The investigation of the Madre de Dios studies comes at a critical time for the Peruvian oil sector and CNPC’s position in it. News broke in mid-June that Perupetro will not seek to negotiate an extension on eight major oil-producing blocks, and instead will put these blocks up for international auction. Together, the eight blocks produce 60% of the country’s oil. Notably, CNPC, which has operational licenses for three of these blocks, is to be the only company exempt from Perupetro’s new non-renewal policy, and was expected to be in a strong position to acquire the remaining blocks by the time of the auction in July of this year.

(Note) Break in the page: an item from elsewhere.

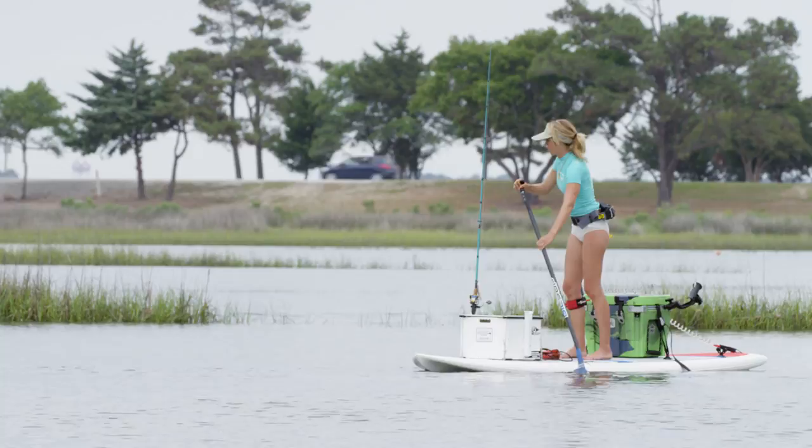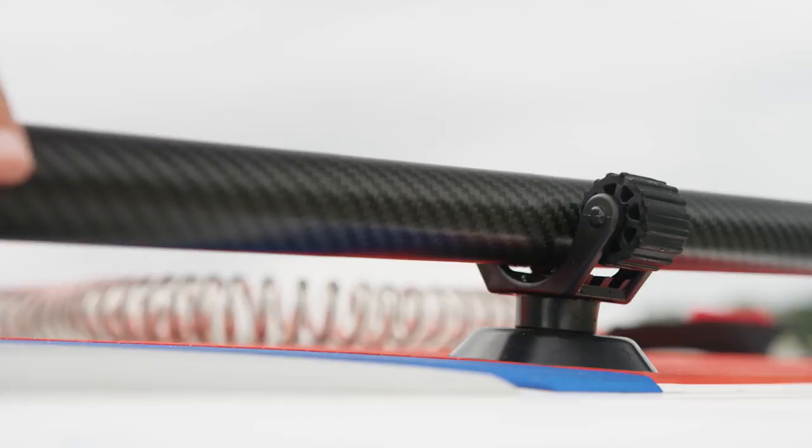For hands-free fishing you can use a paddle holder like this one here. And don't forget your safety equipment — your life jacket and also your leash.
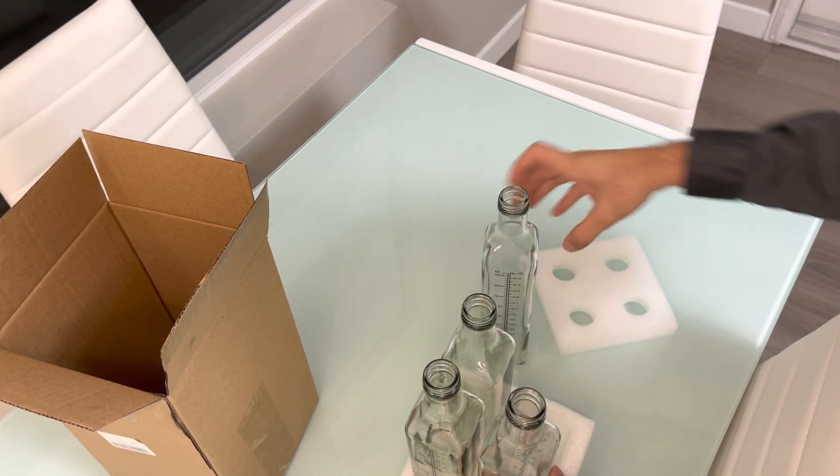There are basically two pipelines where you can pour oil into the bottle. To open it, you simply do it like this — and that should work. The bottles seem really good quality. It's 45 millimeters and 15 oz. Looks nice — let's see how it's going to look in the kitchen.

Although Peru, the seventh-largest crude oil reserve holder in Central and South America, has sought to increase its oil and gas production for years, neither of these are yet a significant source of economic activity for Peru. As of 2017, refined oil and petroleum gases represented 5.27% ($2.57 billion) and 1.93% ($943 million) of Peru’s exports by value. That year, Peru’s refined oil exports were directed mainly at Panama (31.34%) and the United States (29.13%), as well as Brazil (17.12%). Over half of its natural gas exports were directed at Spain (58.19%).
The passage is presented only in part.